Friday, January 8, 2016: 3:10 PM
International Ballroom B (Atlanta Marriott Marquis)
Susana Romero, Cornell University
Beginning in 1930, credit became the centerpiece of all policies of economic promotion. Liberal and Conservative reformers agreed that the consolidation of state funded banking, which comprised the set up of credit offices throughout the national territory, would stimulate individual enterprise, benefitting the economy as a whole. This was especially true with regards to the rural sector. Liberals and Conservatives believed in state credit’s power to transform peasant economies by redirecting state capital to small farmers who had not had access to the privileges of state support. In 1934-1936, during the first half of Alfonso López Pumarejo’s term, the Conservative Party hindered Liberal reforms at many levels, while the program of “credit democratization” advanced with the open sanction of the Conservatives. The Eduardo Santos administration deepened the democratization of credit by creating new institutions that multiplied the reach and functions of credit. These new institutions allowed municipalities to improve their infrastructure and poor peasant families to build their homes.

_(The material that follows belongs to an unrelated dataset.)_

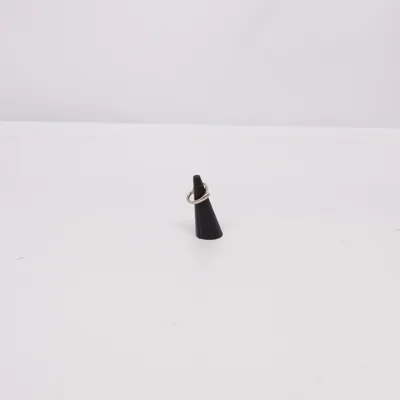 Hänge (Silverfärgad) Okänd metall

This paper argues that Colombia’s first and only housing institution, the Instituto de Crédito Territorial (ICT), was the social component of an overarching program of credit democratization for the rural sector. With housing, state officials attempted to address the obstacles of the Liberals’ agricultural policy had encountered at the local level. It dwells in the intellectual and political motives that drove state officials in 1939 to create the ICT. It explains the nature and content of the rural housing campaign, showing that this program concentrated in the capital city’s immediate southwestern vicinity, Sumapaz, where local social dynamics were questioning the effectiveness of Liberal policies. Finally, I emphasize that rural housing set the financial, administrative, and technical basis of the wide reaching urban housing projects the ICT embarked upon since 1942, which, ironically, transformed the institution in Colombia’s biggest urban developer.